Finding the median of a sorted array is a trivial matter of either getting the middle element or the average of the closest-to-midpoint elements.

If an array isn’t sorted a kth order statistic method might be used. Of particular interest is the median of medians algorithm which allows finding the kth order statistic in \( O(n) \).

Median of two equal-sized sorted arrays

Things change if we need to find the median of two arrays. The naive solution is to just append an array to the other and apply one of the techniques cited above. Anyway if the two arrays are sorted and they have the same size one could do even better.

A simple merging of the two arrays (in a fashion similar to how mergesort works in the merging phase) would be \( O(n) \) and it would prove to be considerably easier to implement than many of the \( O(n) \) techniques for kth order statistic.

A better approach consists in exploiting the following observation: the median element has the same number of elements at its right and left. If the arrays have the same size and are sorted, e.g.

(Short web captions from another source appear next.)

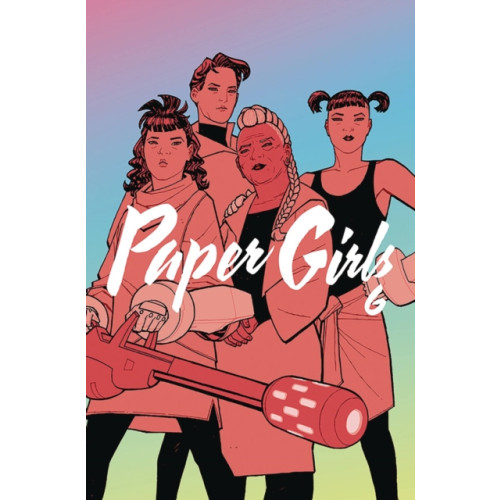 Image Comics Paper Girls Volume 6 (häftad, eng)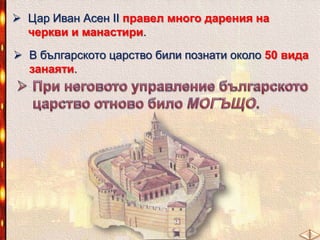  Цар Иван Асен ІІ правел много дарения на
черкви и манастири.
 В българското царство били познати около 50 вида
занаяти.

 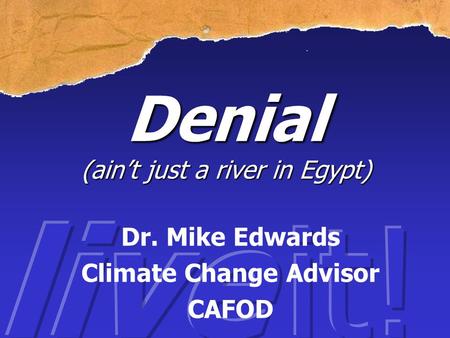 Denial (ain’t just a river in Egypt) Dr. Mike Edwards Climate Change Advisor CAFOD.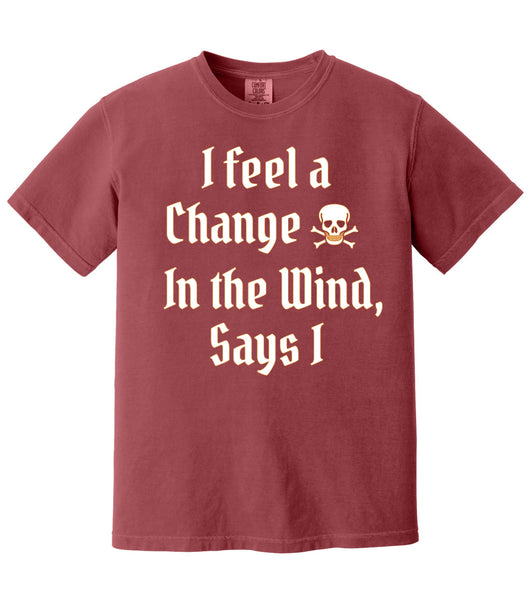 I Feel a Change in the Wind - Tee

\[A = \{1,2,3\} \\ B = \{4,5,6\}\]

we can take the respective medians in \( O(1) \): 2 and 5. Now three things can happen

  • If the medians are equal, it means that the mean of the same value twice will also be the median of the merged arrays. Thus we’re done.

  • If the first median is less than the second (as in the example above), the median of the entire sequence obtained by merging the arrays will lie in the interval [2;3] or [4;5]. Thus we start the process again with these two arrays as input.

  • If the first median is greater than the second, the process starts again searching in the interval [start1,median1] and [median2;end2].

The code to get this process right follows

#include <iostream>
#include <vector>
#include <algorithm>
using namespace std;

using vIt = vector<int>::iterator;

int getMedian(vIt vstart, vIt vend) {
  size_t vecSize = distance(vstart, vend);
  if (vecSize <= 0)
    return -1;
  if (vecSize % 2 == 0)
    return *(vstart + (vecSize / 2 - 1)) + *(vstart + (vecSize / 2)) / 2;
  else
    return *(vstart + (vecSize / 2));
}

int getMedian(vIt v1start, vIt v1end, vIt v2start, vIt v2end) {

  size_t vecSize = distance(v1start, v1end);

  if (vecSize == 0)
    return -1;

  if (vecSize == 1)
    return (*v1start + *v2start) / 2;

  if (vecSize == 2)
    return (max(*v1start, *v2start) + min(*(v1start + 1), *(v2start + 1))) / 2;

  int median1 = getMedian(v1start, v1end);
  int median2 = getMedian(v2start, v2end);

  if (median1 == median2)
    return median1;

  if (median2 > median1) { // Recur in [median1..v1end] [v2start..median2]

    if (vecSize % 2 == 0)
      return getMedian(v1start + (vecSize / 2) - 1, v1end, 
                       v2start, v2end - (vecSize / 2) + 1);
    else
      return getMedian(v1start + (vecSize / 2), v1end, 
                       v2start, v2end - (vecSize / 2) - 1);
  }

  if (median2 < median1) { // Recur in [v1start..median1] [median2..v2end]

    if (vecSize % 2 == 0)
      return getMedian(v1start, v1start + (vecSize / 2) + 1, 
                       v2start + (vecSize / 2) - 1, v2end);
    else
      return getMedian(v1start, v1start + (vecSize / 2) + 1, 
                       v2start + (vecSize / 2), v2end);
  }

  return -1; // Should never get here

}

int getMedian(vector<int>& vec1, vector<int>& vec2) {
  return getMedian(vec1.begin(), vec1.end(), vec2.begin(), vec2.end());
}

int main() {
  vector<int> vec1 = { 1, 2, 7, 8, 11 };
  vector<int> vec2 = { 4, 9, 10, 12, 22 };

  if (vec1.size() != vec2.size())
    cout << "Vectors have different sizes";
  else
    cout << "Median is " << getMedian(vec1, vec2); // 8


  return 0;
}

Thanks to the divide and conquer paradigm we can exploit the fact that merging subproblems together with the three rules written above is easier than merging the entire arrays in one time. Complexity is \( O(\log{n}) \).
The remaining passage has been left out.